* **WORKING DATA**
=-=-=
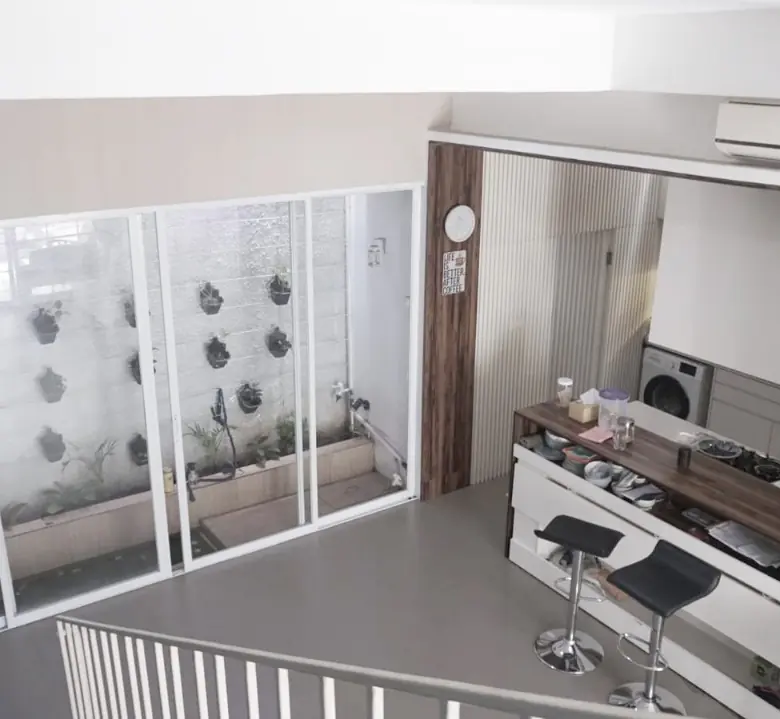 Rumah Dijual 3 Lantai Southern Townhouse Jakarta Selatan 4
=-=-=
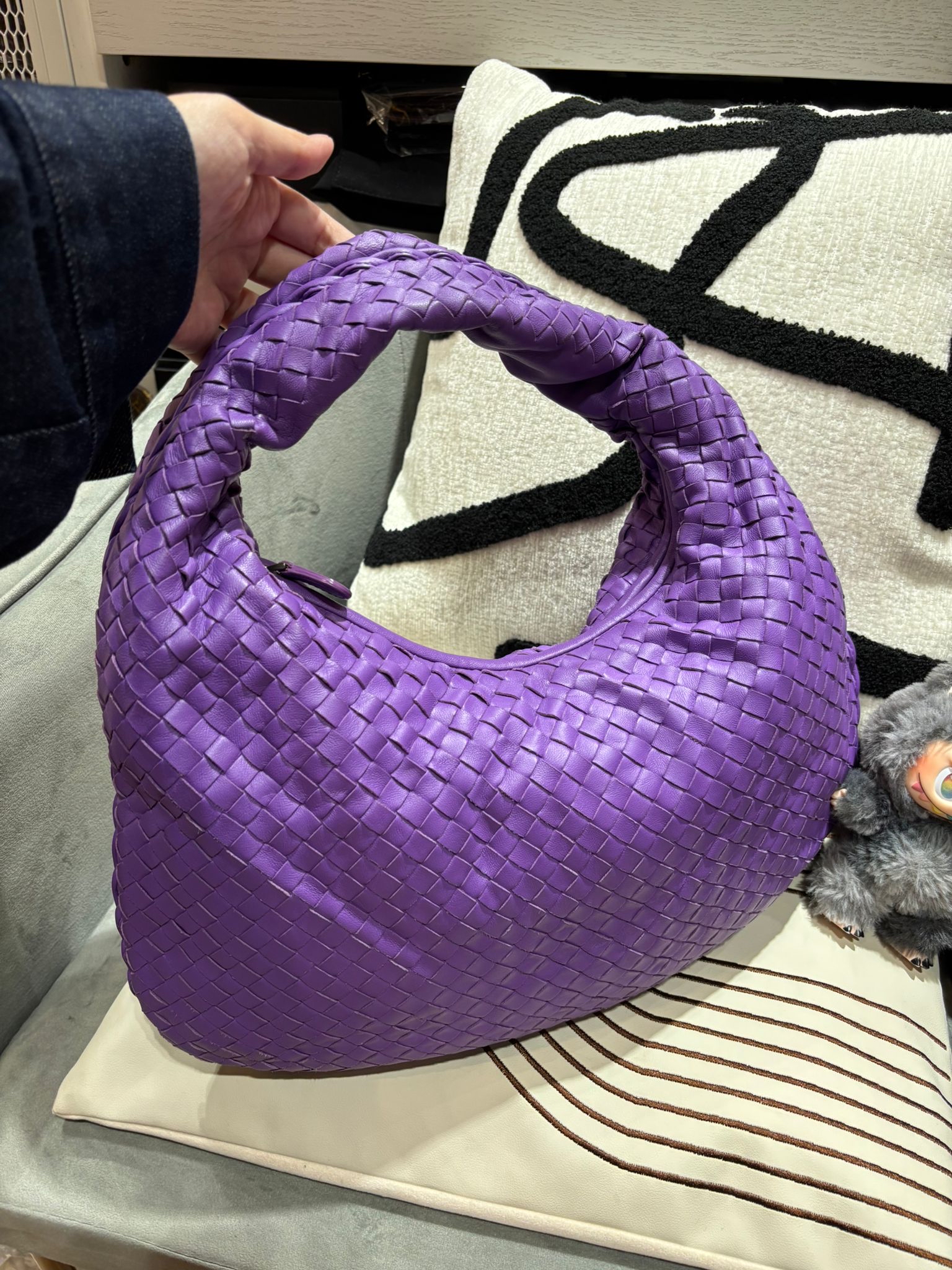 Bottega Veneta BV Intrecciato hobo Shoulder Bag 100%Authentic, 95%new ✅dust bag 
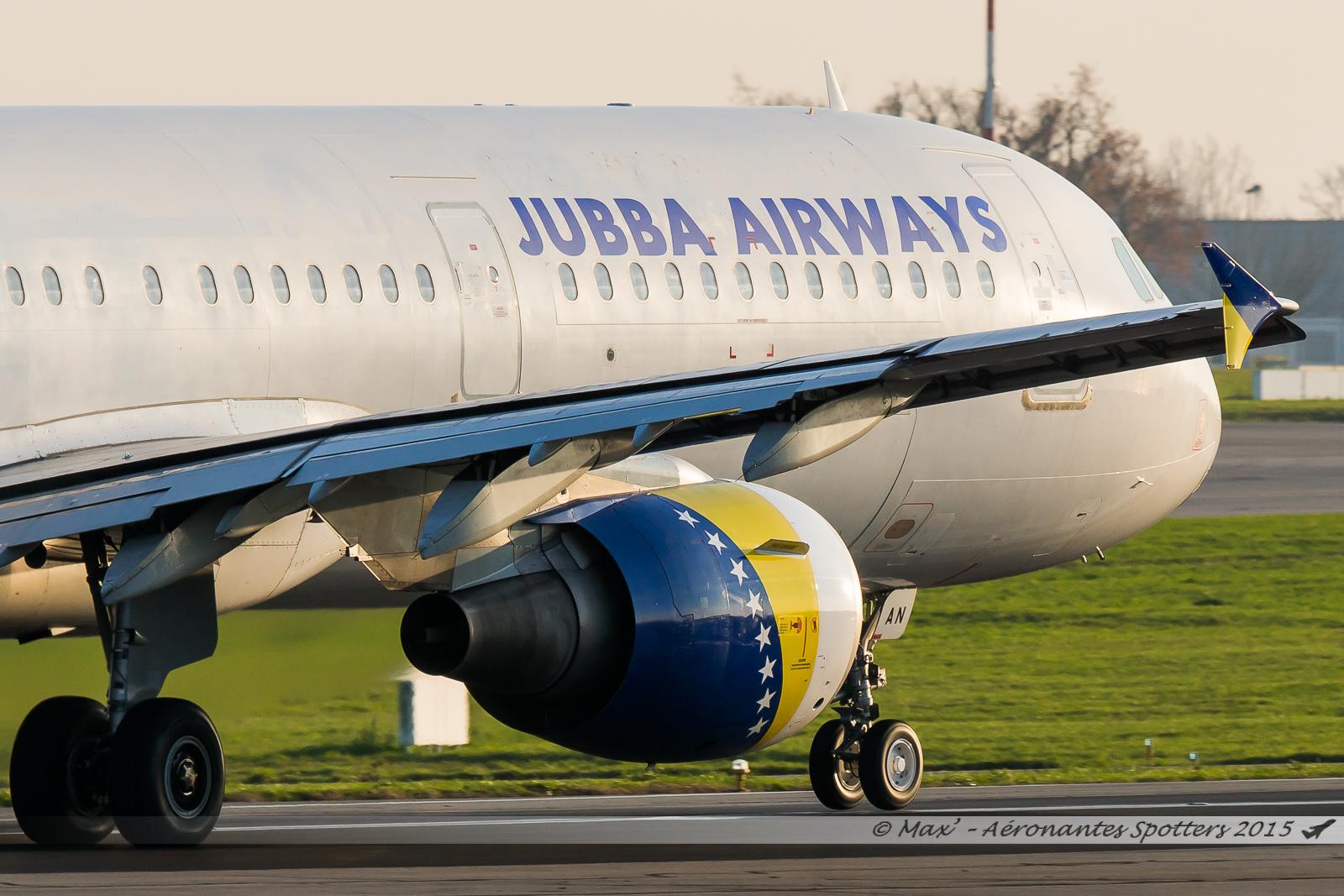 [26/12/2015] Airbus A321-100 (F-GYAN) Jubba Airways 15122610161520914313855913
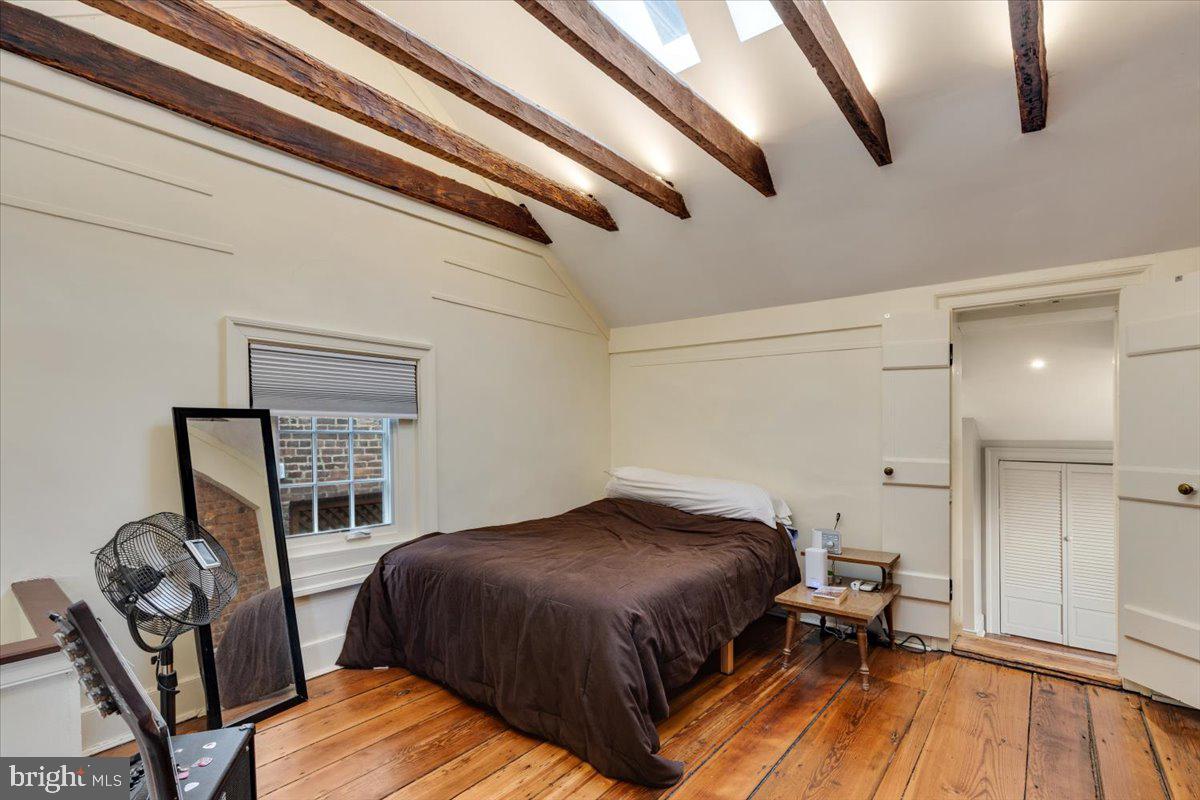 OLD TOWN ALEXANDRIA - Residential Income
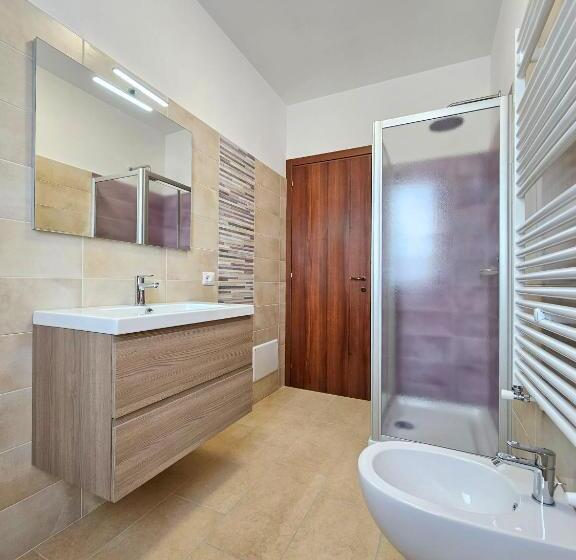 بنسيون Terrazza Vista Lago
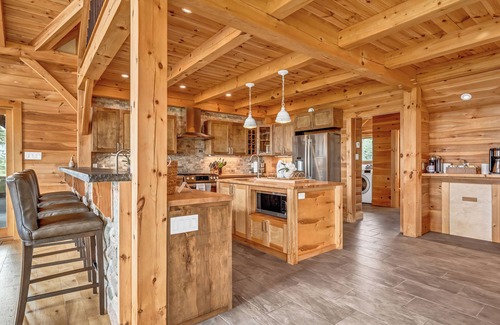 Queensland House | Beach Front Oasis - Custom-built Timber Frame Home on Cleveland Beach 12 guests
=-=-=
* **TRY IT**
Among the entries above, copy exactly the stretch from the line holding "OLD TOWN ALEXANDRIA - Residential Income" through the line holding "Queensland House |", leaving out any pictures.

* **SOLUTION TO THIS TASK**
 OLD TOWN ALEXANDRIA - Residential Income
 بنسيون Terrazza Vista Lago
 Queensland House | Beach Front Oasis - Custom-built Timber Frame Home on Cleveland Beach 12 guests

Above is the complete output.